I had a heated argument with myself this morning.
This is our first free weekend in a very long time. I had the idea that I might like to do some writing. Well, one part of me wanted to do some writing. I think. It was hard to tell, because as soon as it had the idea, another part shouted ‘No! I don’t want to write blogs, just because I have to. It’s my day off! Don’t make me!’
This resistant part is familiar to me. It bucks like a horse whenever I try to push it where it doesn’t want to go, especially if it’s on a day off. It’s got really sensitive because it spends quite a lot of the week being dragged around from place to place like a recalcitrant child, regardless of whether it wants to be or not.
My cat Roshi has just come in from outside.

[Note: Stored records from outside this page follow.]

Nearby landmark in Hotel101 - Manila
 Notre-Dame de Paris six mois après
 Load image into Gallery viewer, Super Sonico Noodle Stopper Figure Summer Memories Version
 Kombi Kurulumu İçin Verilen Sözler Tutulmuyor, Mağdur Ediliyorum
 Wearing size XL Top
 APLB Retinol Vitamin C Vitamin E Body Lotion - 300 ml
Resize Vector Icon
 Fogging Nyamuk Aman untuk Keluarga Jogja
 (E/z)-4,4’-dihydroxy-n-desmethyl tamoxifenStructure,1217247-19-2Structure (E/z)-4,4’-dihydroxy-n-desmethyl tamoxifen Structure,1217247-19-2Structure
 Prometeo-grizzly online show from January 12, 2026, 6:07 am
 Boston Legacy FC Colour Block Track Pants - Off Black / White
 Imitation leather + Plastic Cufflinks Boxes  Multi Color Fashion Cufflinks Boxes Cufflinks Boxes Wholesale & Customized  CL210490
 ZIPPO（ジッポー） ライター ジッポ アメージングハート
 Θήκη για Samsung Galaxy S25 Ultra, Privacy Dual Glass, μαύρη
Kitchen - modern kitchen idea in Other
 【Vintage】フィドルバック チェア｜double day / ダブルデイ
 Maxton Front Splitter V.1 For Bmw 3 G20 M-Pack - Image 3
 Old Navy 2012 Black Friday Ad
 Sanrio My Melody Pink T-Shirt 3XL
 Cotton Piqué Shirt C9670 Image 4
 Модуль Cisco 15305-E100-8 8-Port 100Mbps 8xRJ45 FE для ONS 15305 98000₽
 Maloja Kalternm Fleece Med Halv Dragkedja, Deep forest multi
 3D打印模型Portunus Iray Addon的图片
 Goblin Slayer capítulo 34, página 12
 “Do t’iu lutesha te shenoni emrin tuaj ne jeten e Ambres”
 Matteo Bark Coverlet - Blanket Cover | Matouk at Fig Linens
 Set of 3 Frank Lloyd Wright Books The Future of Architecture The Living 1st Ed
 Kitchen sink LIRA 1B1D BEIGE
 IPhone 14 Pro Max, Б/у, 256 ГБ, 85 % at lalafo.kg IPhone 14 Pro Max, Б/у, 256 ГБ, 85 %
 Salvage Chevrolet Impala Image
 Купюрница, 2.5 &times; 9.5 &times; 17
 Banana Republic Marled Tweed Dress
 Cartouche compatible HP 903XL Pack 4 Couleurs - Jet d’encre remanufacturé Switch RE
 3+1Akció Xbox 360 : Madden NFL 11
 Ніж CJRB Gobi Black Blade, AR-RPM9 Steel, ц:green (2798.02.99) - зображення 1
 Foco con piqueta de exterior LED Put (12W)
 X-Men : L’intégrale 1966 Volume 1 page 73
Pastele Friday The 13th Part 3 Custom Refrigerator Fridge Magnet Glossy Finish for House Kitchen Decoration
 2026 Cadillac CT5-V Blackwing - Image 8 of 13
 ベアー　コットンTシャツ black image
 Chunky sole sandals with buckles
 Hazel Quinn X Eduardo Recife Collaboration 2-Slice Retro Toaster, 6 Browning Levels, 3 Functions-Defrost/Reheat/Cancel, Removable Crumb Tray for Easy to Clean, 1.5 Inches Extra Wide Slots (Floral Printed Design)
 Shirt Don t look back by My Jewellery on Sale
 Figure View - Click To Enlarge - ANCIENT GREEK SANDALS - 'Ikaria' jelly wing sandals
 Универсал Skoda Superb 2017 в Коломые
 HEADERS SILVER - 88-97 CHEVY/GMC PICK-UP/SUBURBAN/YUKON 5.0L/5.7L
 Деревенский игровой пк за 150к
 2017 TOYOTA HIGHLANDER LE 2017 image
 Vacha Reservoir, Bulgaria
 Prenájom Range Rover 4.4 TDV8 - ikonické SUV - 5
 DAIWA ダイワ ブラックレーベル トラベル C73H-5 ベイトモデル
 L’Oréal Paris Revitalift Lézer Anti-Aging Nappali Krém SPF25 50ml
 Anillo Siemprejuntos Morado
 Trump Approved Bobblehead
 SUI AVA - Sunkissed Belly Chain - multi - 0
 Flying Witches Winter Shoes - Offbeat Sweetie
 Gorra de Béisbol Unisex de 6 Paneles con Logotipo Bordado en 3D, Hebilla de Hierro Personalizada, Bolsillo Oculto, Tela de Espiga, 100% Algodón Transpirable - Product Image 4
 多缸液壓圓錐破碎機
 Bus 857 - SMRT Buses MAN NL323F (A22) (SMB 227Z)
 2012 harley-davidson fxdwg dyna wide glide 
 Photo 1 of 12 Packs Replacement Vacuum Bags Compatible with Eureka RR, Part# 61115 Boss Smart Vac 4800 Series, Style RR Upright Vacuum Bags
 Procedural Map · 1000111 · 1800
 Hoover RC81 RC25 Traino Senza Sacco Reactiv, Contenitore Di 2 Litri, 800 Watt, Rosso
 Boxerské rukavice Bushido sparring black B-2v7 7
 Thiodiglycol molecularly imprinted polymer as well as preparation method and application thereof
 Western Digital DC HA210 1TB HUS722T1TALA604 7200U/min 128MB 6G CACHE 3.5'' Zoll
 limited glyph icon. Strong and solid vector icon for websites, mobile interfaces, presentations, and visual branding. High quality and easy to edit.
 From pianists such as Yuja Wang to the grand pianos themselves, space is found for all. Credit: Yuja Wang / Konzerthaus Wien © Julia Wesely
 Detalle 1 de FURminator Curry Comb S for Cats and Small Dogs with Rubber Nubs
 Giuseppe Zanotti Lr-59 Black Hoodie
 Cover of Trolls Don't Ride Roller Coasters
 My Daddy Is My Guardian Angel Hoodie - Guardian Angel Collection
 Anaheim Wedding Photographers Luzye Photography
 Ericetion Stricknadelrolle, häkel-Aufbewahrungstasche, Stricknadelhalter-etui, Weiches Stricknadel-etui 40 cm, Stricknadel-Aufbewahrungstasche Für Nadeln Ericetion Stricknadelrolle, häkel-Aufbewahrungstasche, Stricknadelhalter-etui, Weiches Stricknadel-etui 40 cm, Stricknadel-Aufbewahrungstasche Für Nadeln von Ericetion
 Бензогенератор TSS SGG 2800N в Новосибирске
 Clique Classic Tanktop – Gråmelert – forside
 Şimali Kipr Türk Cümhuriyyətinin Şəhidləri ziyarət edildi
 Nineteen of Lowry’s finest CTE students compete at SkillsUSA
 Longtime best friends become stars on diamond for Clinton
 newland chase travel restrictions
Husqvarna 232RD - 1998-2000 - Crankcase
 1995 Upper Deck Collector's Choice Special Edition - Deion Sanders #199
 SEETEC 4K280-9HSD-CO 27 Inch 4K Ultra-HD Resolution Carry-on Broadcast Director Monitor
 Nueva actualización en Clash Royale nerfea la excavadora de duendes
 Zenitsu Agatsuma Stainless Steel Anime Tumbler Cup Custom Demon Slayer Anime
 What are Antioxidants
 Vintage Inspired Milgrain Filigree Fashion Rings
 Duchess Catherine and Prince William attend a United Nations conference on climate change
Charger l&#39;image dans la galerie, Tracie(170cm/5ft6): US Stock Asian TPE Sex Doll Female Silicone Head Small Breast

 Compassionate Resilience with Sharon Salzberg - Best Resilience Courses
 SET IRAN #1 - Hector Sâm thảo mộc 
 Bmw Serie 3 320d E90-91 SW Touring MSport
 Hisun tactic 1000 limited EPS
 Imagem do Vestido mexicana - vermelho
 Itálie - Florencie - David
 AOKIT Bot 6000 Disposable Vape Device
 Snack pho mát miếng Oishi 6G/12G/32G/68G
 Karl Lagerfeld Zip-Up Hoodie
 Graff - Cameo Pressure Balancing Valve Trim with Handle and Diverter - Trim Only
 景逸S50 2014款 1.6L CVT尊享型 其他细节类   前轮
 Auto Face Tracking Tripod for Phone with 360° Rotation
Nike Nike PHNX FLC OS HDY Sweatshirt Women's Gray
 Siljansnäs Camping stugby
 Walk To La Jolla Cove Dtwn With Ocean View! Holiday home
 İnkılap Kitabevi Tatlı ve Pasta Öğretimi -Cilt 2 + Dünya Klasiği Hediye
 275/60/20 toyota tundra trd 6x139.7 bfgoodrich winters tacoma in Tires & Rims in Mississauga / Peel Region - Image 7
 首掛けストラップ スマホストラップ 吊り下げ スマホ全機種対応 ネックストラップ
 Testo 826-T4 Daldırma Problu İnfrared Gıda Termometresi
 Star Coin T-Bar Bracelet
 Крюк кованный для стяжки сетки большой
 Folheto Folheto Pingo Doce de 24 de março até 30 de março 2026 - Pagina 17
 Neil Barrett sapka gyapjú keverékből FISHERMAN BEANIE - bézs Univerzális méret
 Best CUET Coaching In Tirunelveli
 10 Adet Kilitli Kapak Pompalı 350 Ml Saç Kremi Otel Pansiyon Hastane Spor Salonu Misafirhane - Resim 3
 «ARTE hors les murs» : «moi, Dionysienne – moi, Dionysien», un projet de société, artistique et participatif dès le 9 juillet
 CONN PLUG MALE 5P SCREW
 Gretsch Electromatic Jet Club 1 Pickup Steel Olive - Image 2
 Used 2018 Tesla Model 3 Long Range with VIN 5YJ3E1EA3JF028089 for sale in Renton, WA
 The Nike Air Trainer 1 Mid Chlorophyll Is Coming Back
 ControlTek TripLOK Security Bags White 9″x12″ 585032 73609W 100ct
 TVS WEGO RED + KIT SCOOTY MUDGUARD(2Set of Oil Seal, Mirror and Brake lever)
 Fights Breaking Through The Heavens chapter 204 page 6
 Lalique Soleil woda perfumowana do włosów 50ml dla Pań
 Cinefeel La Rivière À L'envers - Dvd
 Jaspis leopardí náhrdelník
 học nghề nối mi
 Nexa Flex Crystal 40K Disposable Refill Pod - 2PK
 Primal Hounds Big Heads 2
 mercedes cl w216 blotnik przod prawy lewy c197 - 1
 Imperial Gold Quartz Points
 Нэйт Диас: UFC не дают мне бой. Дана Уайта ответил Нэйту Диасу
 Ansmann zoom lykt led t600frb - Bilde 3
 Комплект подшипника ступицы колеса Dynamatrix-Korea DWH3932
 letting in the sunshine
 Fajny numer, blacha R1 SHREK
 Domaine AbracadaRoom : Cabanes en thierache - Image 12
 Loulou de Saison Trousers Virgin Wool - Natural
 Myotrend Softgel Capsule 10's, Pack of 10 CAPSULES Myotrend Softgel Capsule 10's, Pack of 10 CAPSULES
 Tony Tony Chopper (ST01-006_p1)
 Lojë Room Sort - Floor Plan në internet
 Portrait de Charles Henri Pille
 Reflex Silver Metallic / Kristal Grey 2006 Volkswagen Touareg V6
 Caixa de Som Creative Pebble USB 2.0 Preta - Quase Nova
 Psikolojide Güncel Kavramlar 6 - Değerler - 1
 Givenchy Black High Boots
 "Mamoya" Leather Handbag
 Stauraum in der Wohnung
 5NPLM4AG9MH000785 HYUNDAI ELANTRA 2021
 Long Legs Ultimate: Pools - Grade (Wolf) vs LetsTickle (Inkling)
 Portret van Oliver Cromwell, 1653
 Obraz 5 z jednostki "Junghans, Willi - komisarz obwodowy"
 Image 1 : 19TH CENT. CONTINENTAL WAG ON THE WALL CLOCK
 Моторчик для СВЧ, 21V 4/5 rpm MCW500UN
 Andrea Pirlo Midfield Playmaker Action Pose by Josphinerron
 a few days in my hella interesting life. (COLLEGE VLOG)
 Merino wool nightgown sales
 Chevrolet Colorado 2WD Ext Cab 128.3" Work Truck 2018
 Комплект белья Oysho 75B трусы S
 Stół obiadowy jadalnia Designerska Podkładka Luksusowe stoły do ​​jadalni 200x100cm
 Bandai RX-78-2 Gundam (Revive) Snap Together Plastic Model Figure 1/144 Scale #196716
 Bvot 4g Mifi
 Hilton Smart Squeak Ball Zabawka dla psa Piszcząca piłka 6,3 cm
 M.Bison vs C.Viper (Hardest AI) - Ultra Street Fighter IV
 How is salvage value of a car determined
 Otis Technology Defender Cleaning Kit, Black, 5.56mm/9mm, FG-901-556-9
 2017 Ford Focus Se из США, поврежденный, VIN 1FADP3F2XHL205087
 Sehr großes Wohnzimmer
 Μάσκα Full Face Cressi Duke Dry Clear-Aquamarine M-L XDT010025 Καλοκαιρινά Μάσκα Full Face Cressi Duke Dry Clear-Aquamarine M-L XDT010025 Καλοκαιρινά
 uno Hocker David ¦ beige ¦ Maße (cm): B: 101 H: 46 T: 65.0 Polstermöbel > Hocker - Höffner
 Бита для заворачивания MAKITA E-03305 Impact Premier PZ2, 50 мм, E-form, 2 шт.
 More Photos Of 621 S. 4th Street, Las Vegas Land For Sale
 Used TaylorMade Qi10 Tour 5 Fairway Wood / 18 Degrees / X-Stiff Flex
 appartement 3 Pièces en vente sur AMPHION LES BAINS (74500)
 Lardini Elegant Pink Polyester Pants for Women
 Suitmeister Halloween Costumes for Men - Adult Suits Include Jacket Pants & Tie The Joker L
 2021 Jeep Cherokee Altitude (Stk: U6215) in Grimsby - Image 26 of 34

He came over to me and stretched his front legs out in greeting. I paused from writing to keep his purr stoked for a while. Roshi often likes to sit in boxes, or on the pink cushion under my desk. He likes to disappear under rugs. He didn’t come over to greet me just now because he thought he ought to. He sits under my desk because he likes it under there. I don’t get the sense that cats do may things because they ‘ought’ to. They are generally uncomplicated beasts.
Alas, we are more complicated than cats. But what we can do, when we get into arguments with ourselves, is begin to sort out what all the different parts want. Rather than ignoring any of our parts and shutting them down or away, we can spend some time working out how we can keep all the different parts comfortable. We can bring them along with us.
Also present, almost out of sight, was my Writer part, who loves stringing words into lines, and who just wanted to play.
Rather than shutting up the Child, I reassured it that I would only write for as long as I wanted to, and that we’d go out and do something fun this afternoon. I reminded the Child that I enjoyed writing. I reminded the Striver that it was my day off, and that I had a quiet week ahead – there was actually no need to ‘get ahead’ – although I appreciated it’s input. They both seemed happier, and so I began. And here I am. I had fun!
And now it’s time to save the other writing I’ve done, to publish this post, and to go on a walk in the winter sunshine.
When do you get into arguments with yourself? What are all the different parts? What do they want or what are they worried about? Can you imagine that the different parts are all trying to help you in their way, even if they do things that cause real problems for you? How could you talk to them all in turn, and find a way to negotiate with them? Could you bring them all along in the decision you make?